[Crawled caption data]
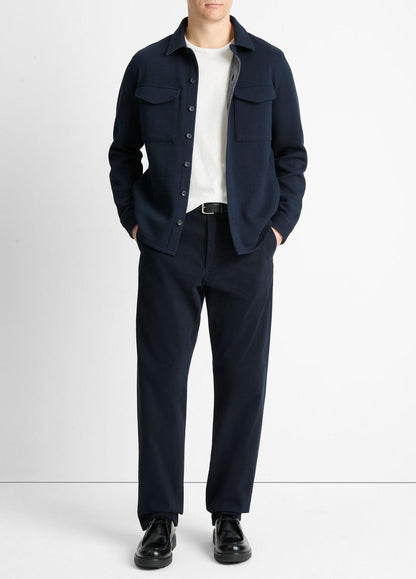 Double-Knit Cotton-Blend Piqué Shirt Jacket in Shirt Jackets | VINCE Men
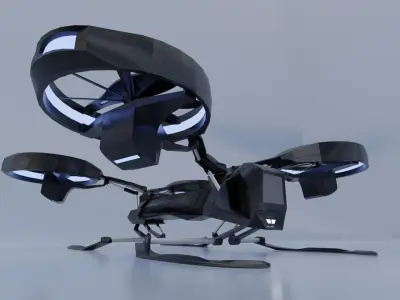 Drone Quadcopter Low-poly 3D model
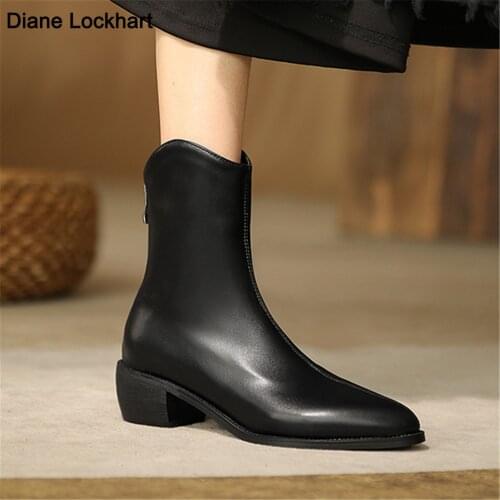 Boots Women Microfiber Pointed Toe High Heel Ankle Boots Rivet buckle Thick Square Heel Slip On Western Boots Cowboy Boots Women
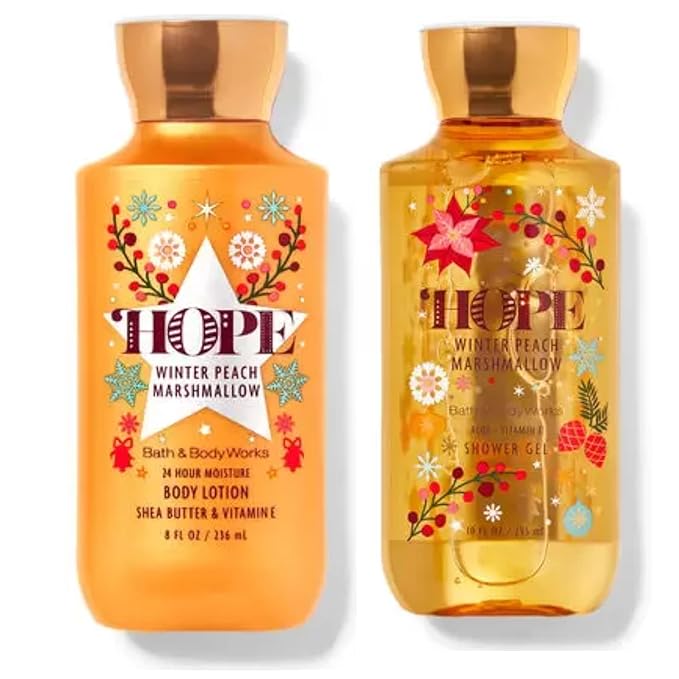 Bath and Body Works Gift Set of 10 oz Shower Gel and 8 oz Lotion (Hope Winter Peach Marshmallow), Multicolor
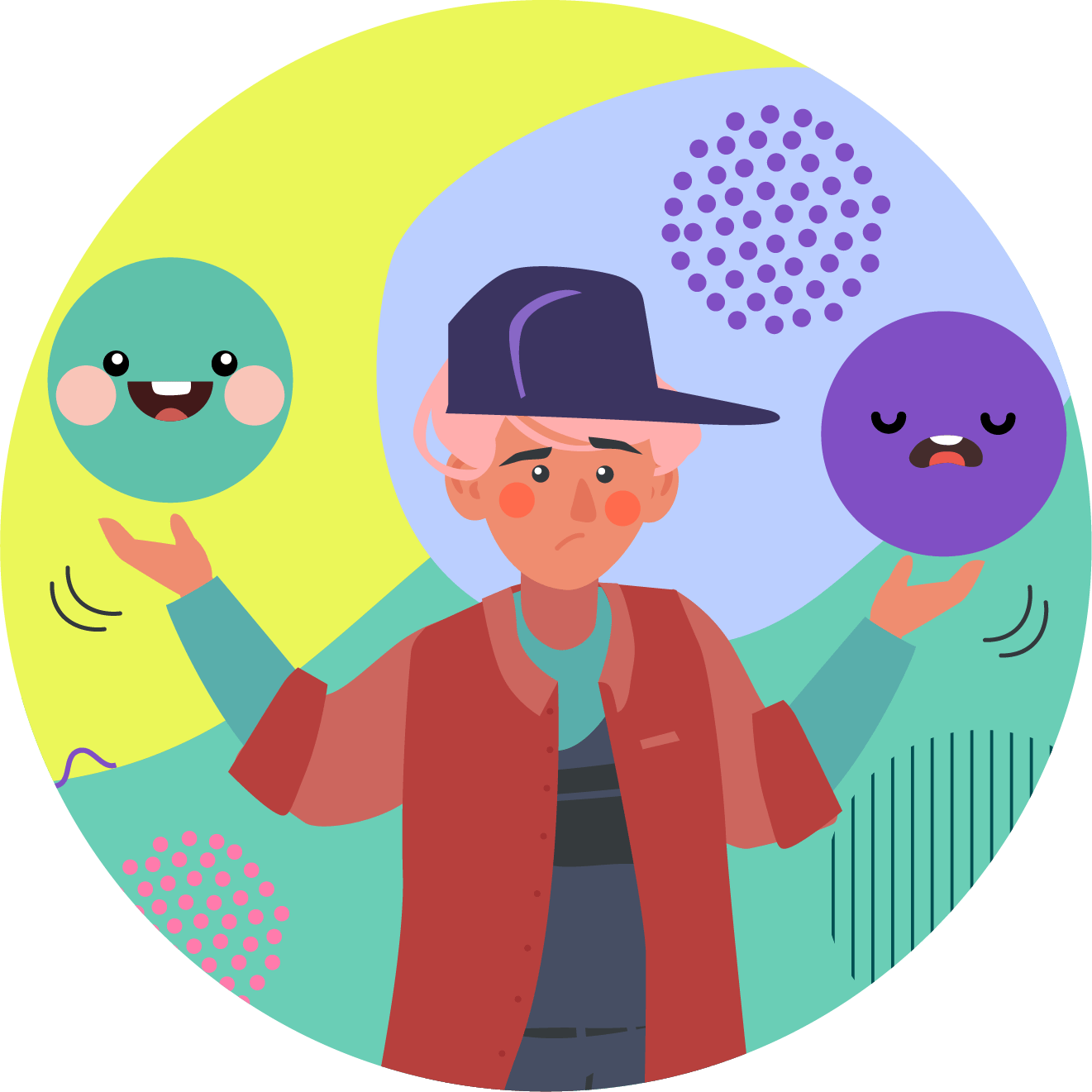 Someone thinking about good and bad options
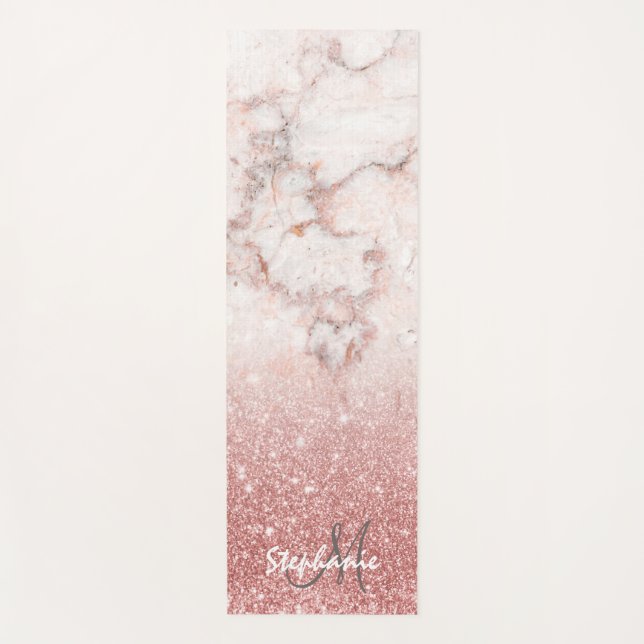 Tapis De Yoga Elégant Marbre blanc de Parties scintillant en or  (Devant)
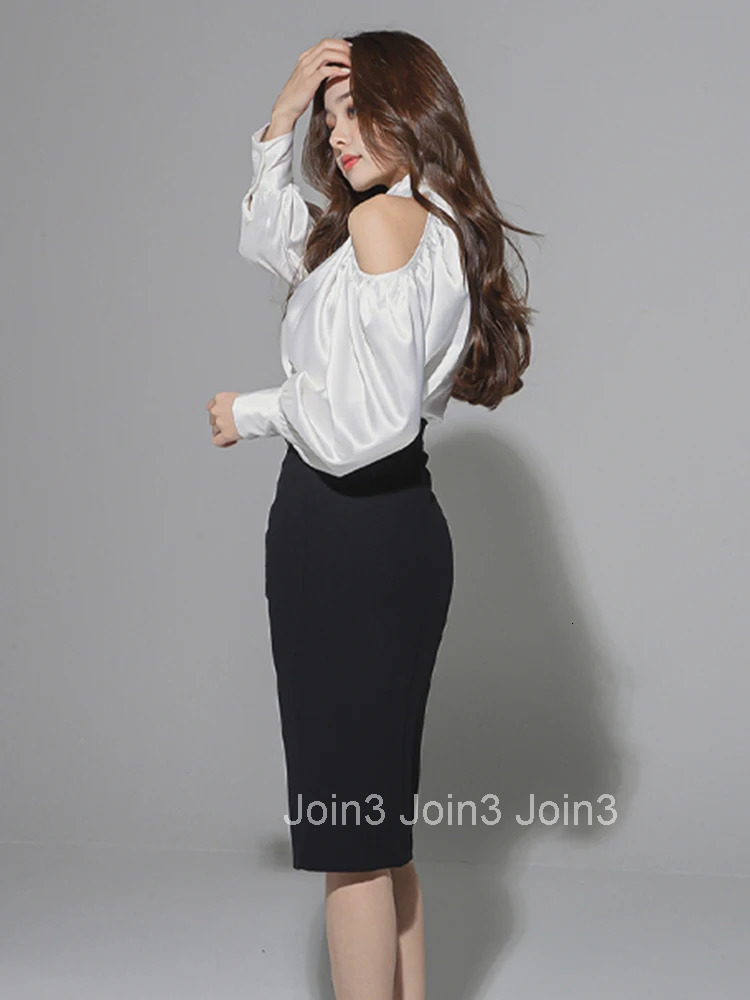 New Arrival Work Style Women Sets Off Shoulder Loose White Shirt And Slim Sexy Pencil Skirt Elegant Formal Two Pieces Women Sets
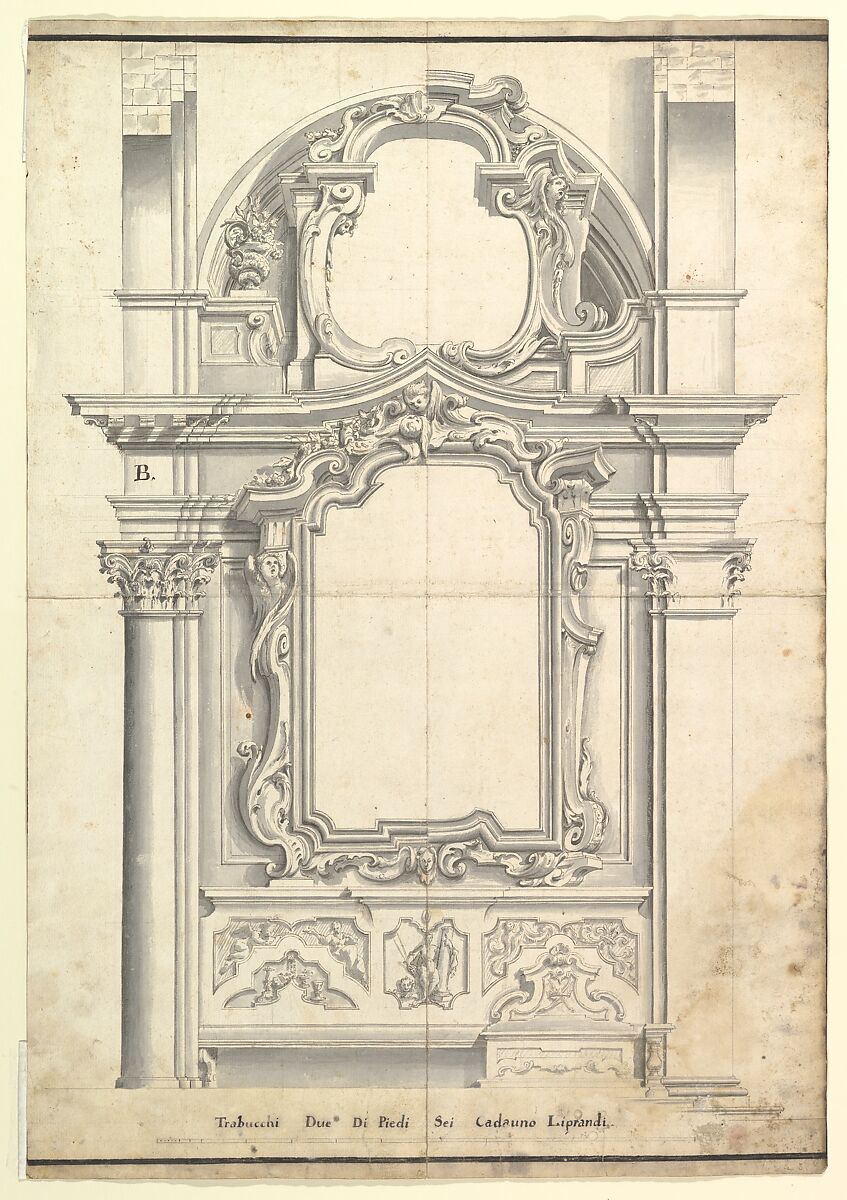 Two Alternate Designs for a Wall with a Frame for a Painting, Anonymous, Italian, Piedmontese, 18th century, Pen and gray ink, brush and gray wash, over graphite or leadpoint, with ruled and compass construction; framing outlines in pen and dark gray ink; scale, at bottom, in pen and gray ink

## Task instructions
Would you retype every line shown above exactly, leaving the pictures aside?

## Response
 Double-Knit Cotton-Blend Piqué Shirt Jacket in Shirt Jackets | VINCE Men
 Drone Quadcopter Low-poly 3D model
 Boots Women Microfiber Pointed Toe High Heel Ankle Boots Rivet buckle Thick Square Heel Slip On Western Boots Cowboy Boots Women
 Bath and Body Works Gift Set of 10 oz Shower Gel and 8 oz Lotion (Hope Winter Peach Marshmallow), Multicolor
 Someone thinking about good and bad options
 Tapis De Yoga Elégant Marbre blanc de Parties scintillant en or  (Devant)
 New Arrival Work Style Women Sets Off Shoulder Loose White Shirt And Slim Sexy Pencil Skirt Elegant Formal Two Pieces Women Sets
 Two Alternate Designs for a Wall with a Frame for a Painting, Anonymous, Italian, Piedmontese, 18th century, Pen and gray ink, brush and gray wash, over graphite or leadpoint, with ruled and compass construction; framing outlines in pen and dark gray ink; scale, at bottom, in pen and gray ink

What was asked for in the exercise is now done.